La responsable du DFJP souligne qu'il n'y avait aucune raison de
ne pas exécuter le mandat d'arrêt délivré par les Etats-Unis. Dans
un pareil cas, la Suisse aurait attendu la même attitude d'un autre
pays.
Interrogé par un journaliste sur sa réaction en tant que ministre
de la Culture, Pascal Couchepin a souligné qu'il défendait en
priorité l'Etat de droit. Il considère Roman Polanski comme un
"grand artiste", mais ajoute: "Je ne vois pas quelle finesse on
aurait pu introduire": en droit, les choses sont claires.
Nombreux mandats d'arrêt
A la question de savoir pourquoi Roman Polanski, qui s'est
régulièrement rendu en Suisse où il possède un chalet, n'avait pas
été arrêté plus tôt, Eveline Widmer-Schlumpf relève qu'il n'est pas
imaginable que la police traite activement les nombreux mandats
d'arrêt émis par d'autres pays. Elle peut par contre le faire
lorsqu'un Etat lui transmet des informations concrètes.

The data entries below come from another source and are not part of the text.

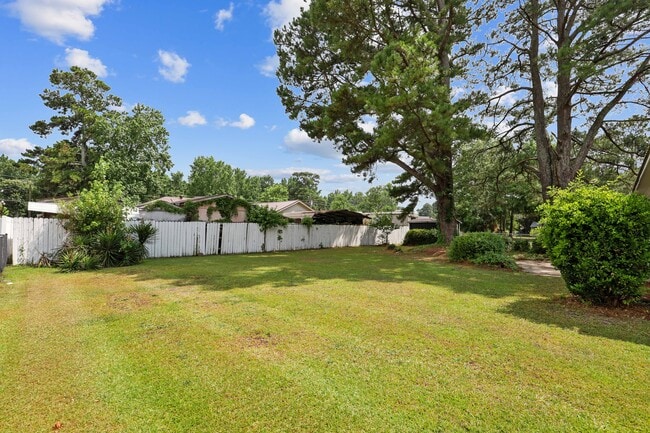 Building Photo - 118 Randall Ln
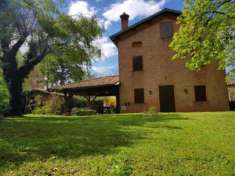 Foto Villa in vendita a Bologna - 6 locali 452mq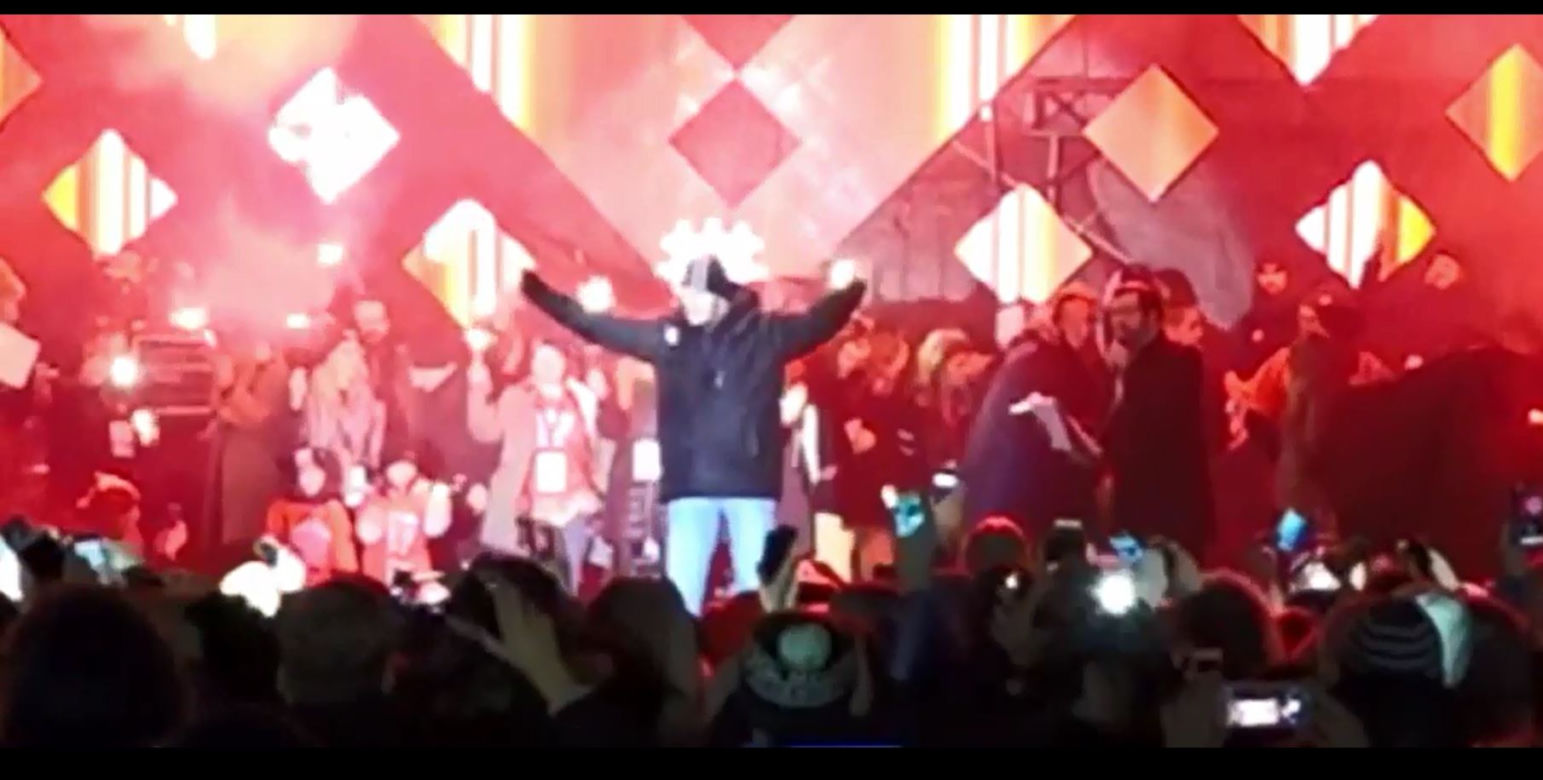 Moment ataku na prezydenta Gdańska Pawła Adamowicza.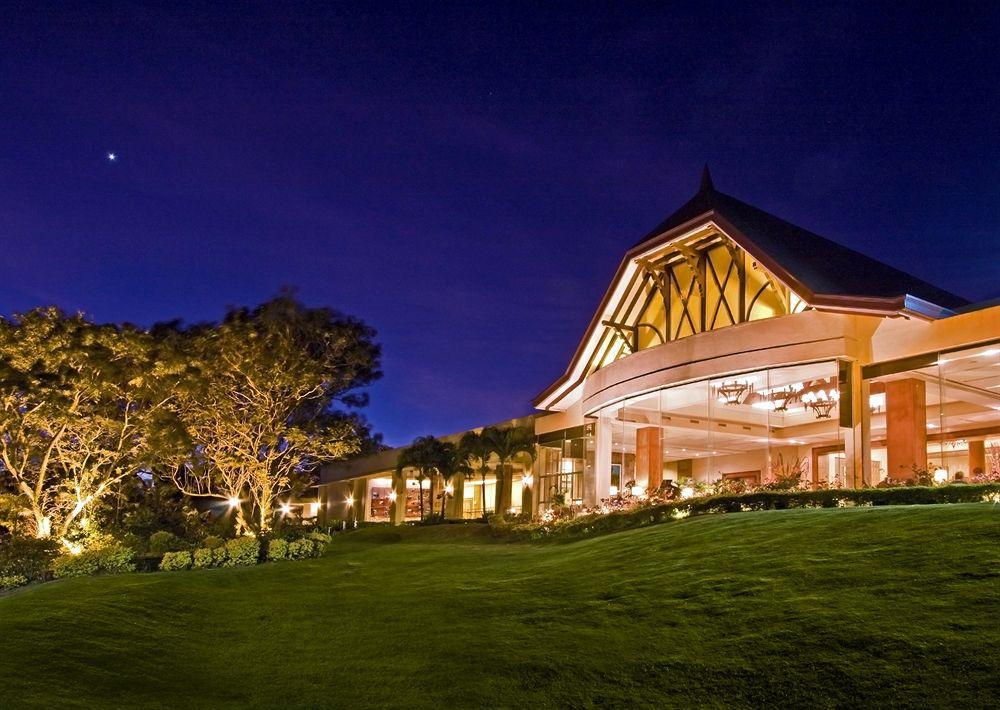 Taal Vista Hotel Tagaytay City Εξωτερικό φωτογραφία The Royal Thai Golf and Country Club
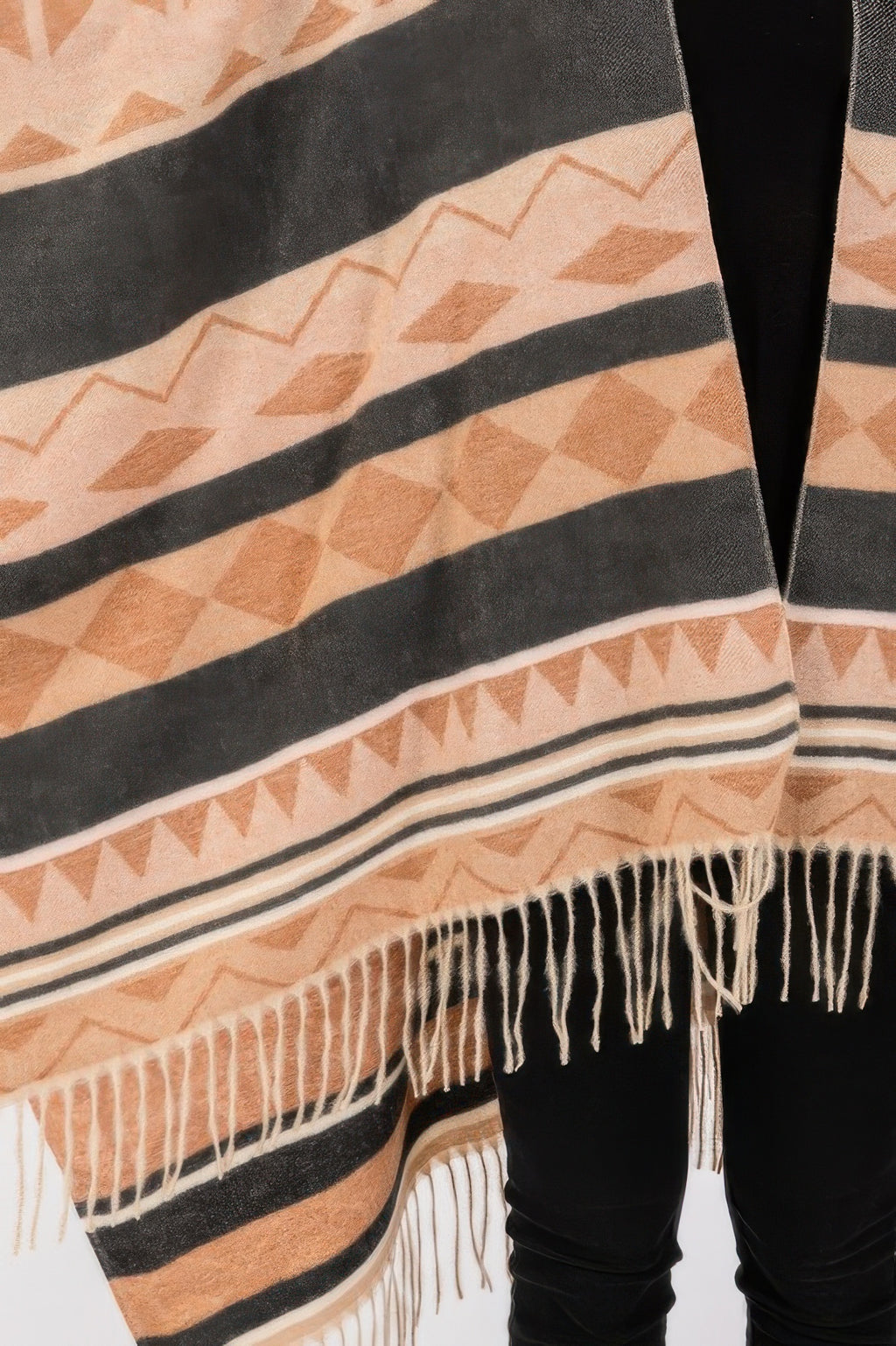 Aztec Pattern Fringe Ruana - Pikemla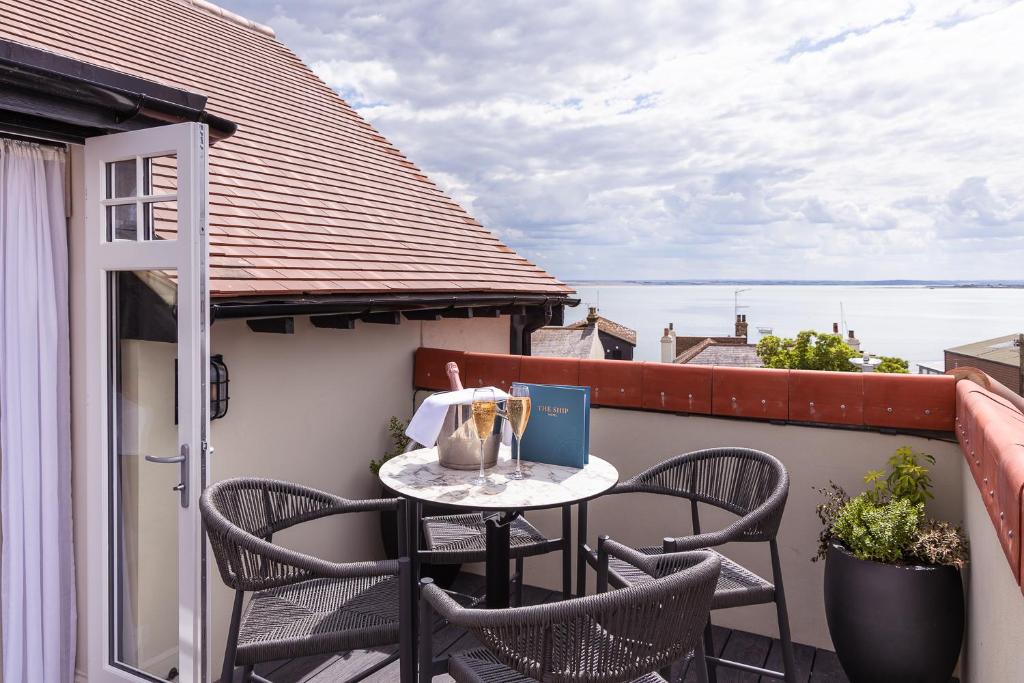 The Ship Hotel - Suite With Terrace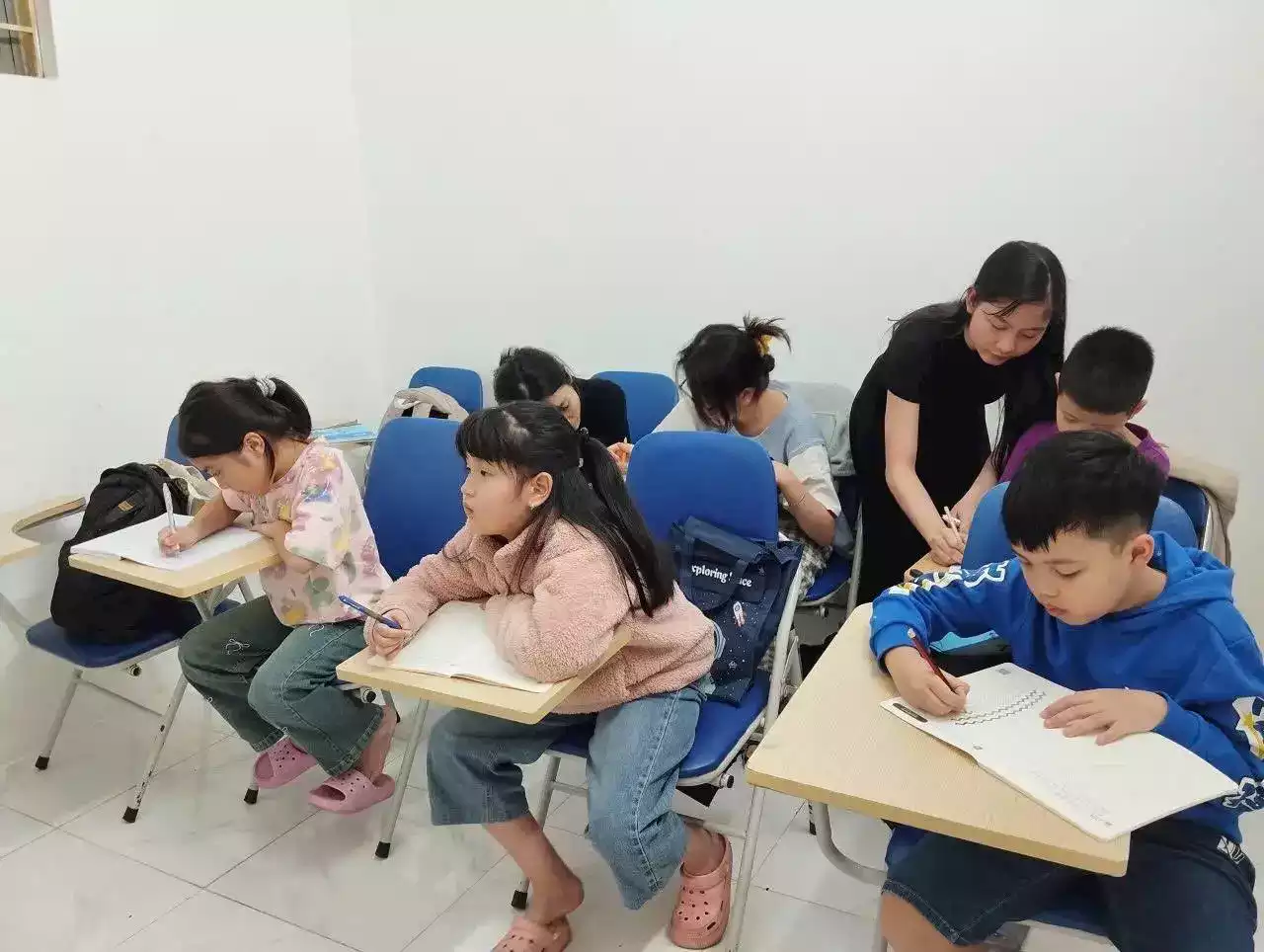 Tiếng anh cho bé 7-10 tuổi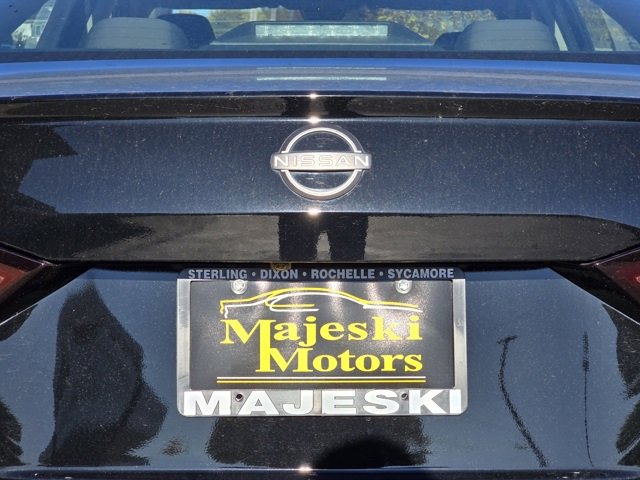 Used 2024 Nissan Altima 2.5 SV image 13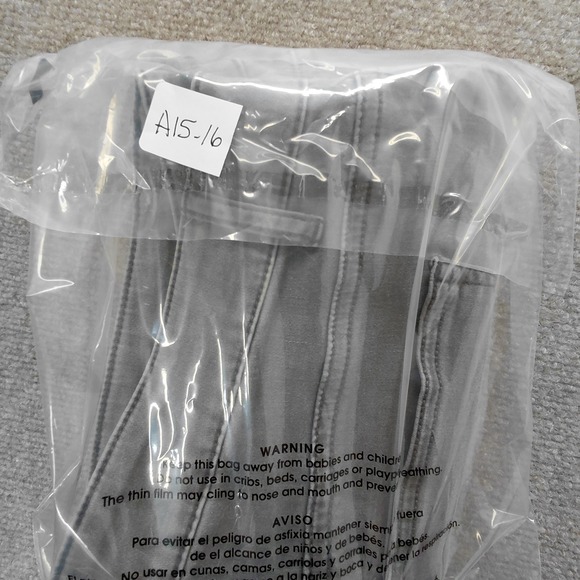 Everflex Maurices Jeans Womens LARGE SHORT Gray Regular Fit Super High Rise Goth - Picture 8 of 8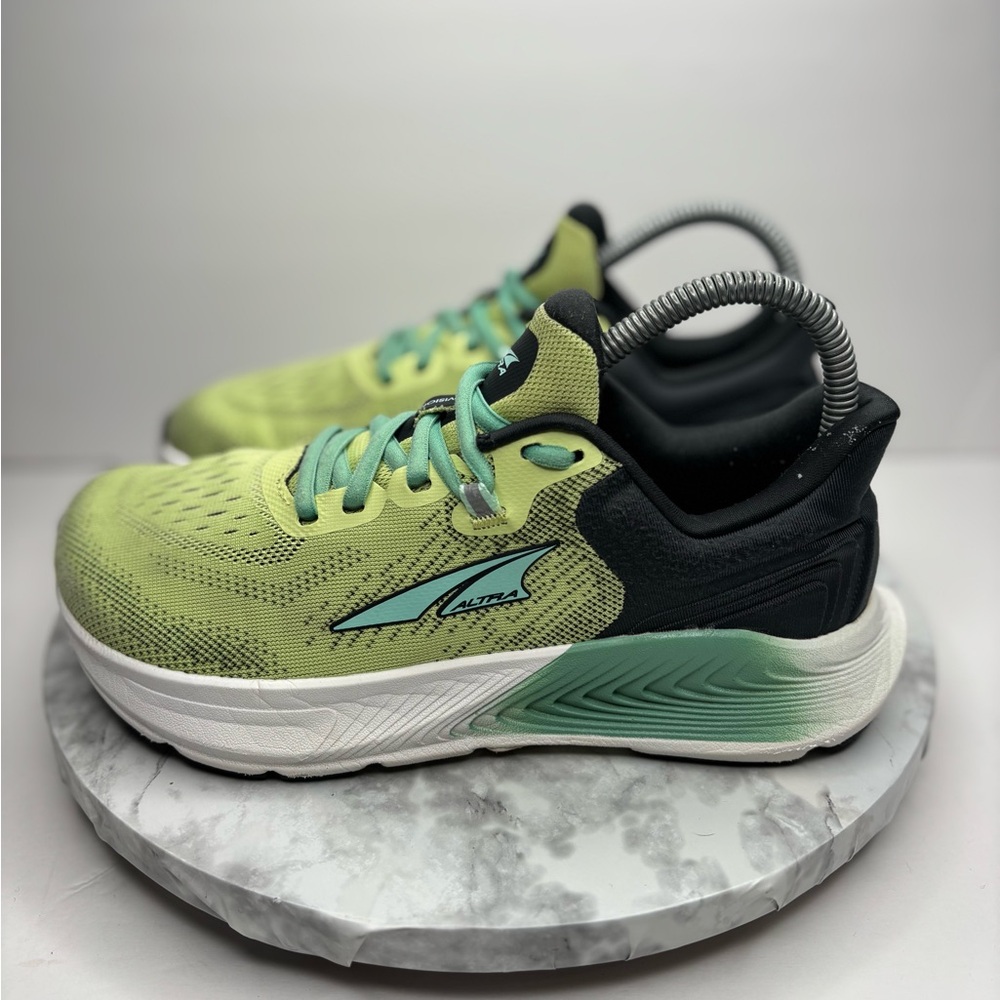 Size 6-Altra Provision 8 road running shoes Women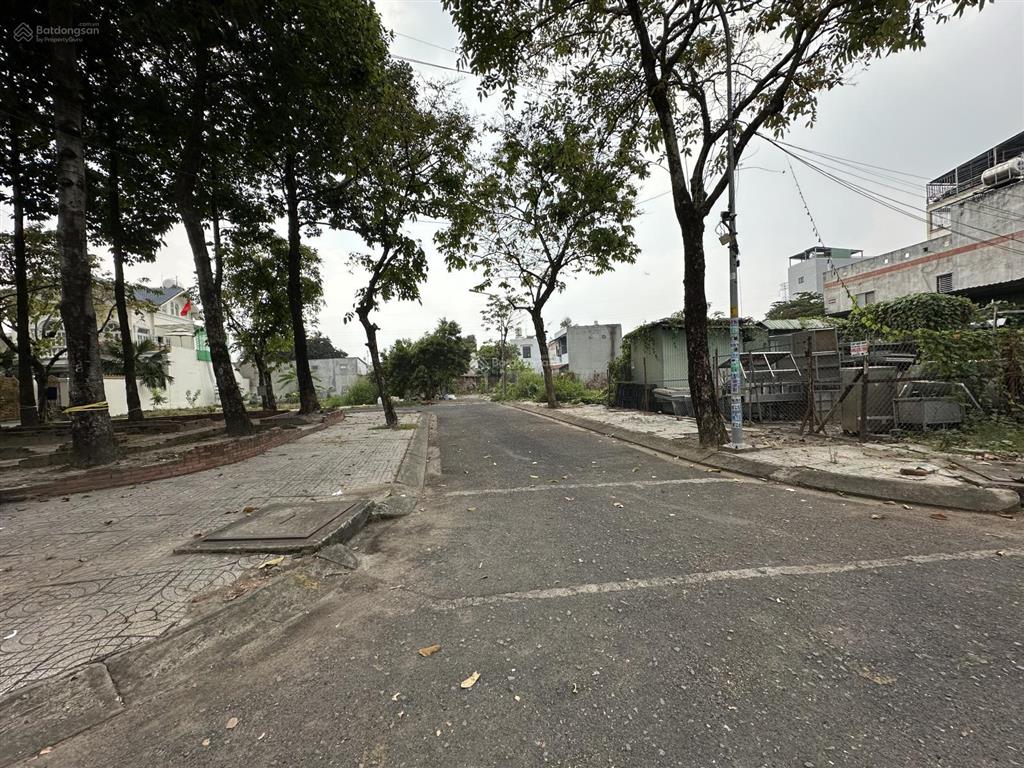 230m2. 10*23. góc 2 mặt tiền. view công viên. đường rộng 12m. có vỉa hè. shr. giá 70tr/m2.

Le cinéaste âgé de 76 ans, Oscar du meilleur réalisateur (2003) et
Palme d'Or à Cannes (2002) pour "Le Pianiste", a été arrêté samedi
à Zurich alors qu'il se rendait à un festival pour recevoir un prix
et une éloge du directeur de l'Office fédéral de la culture.
Polanski, qui s'est opposé à son extradition, est recherché par la
justice américaine après une procédure ouverte en 1977 pour des
"relations sexuelles illégales" avec une adolescente de 13 ans.
Celle-ci a demandé en janvier dernier l'abandon des poursuites afin
de pouvoir tourner la page.
ap/ats/bri
La Pologne est à son tour divisée
Tout comme en France et en Grande-Bretagne, les artistes et hommes politiques en Pologne étaient divisés mercredi sur l'arrestation du cinéaste, qui avait d'abord suscité une vague d'indignation.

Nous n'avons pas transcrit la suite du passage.